_Available records:_
%%
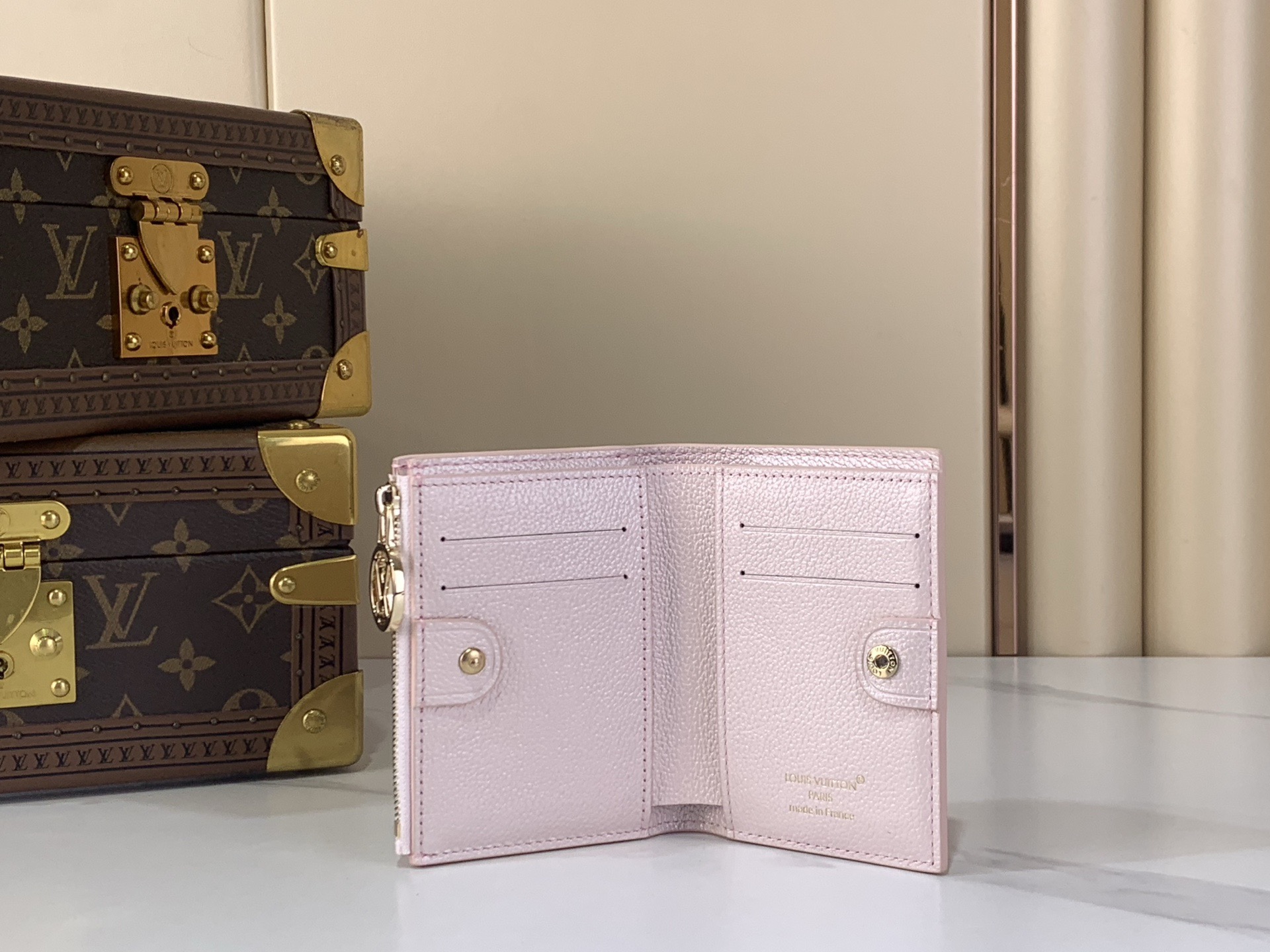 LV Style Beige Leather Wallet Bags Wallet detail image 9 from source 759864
%%
%%
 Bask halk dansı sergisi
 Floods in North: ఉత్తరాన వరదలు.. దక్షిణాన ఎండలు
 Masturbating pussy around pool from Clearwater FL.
%%
%%
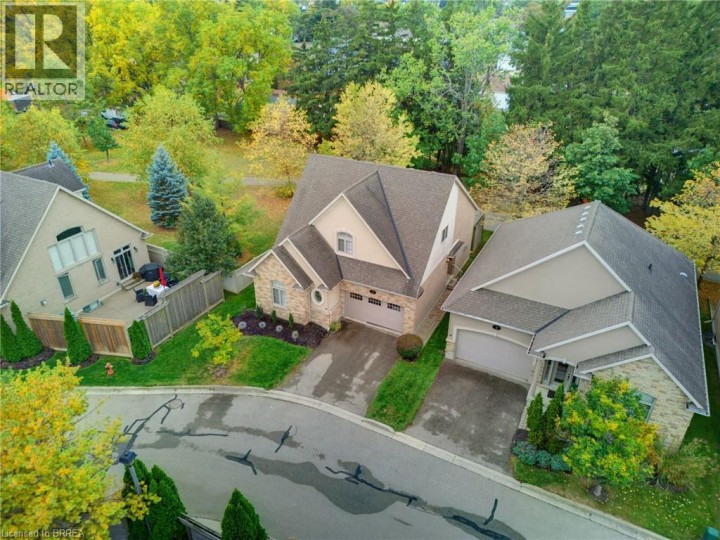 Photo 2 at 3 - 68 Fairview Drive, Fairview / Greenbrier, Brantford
%%
_Work to be completed:_
Write down, word for word, the lines above from the one containing "Bask halk dansı sergisi" through the one containing "Masturbating pussy around", both ends included.

_Output:_
 Bask halk dansı sergisi
 Floods in North: ఉత్తరాన వరదలు.. దక్షిణాన ఎండలు
 Masturbating pussy around pool from Clearwater FL.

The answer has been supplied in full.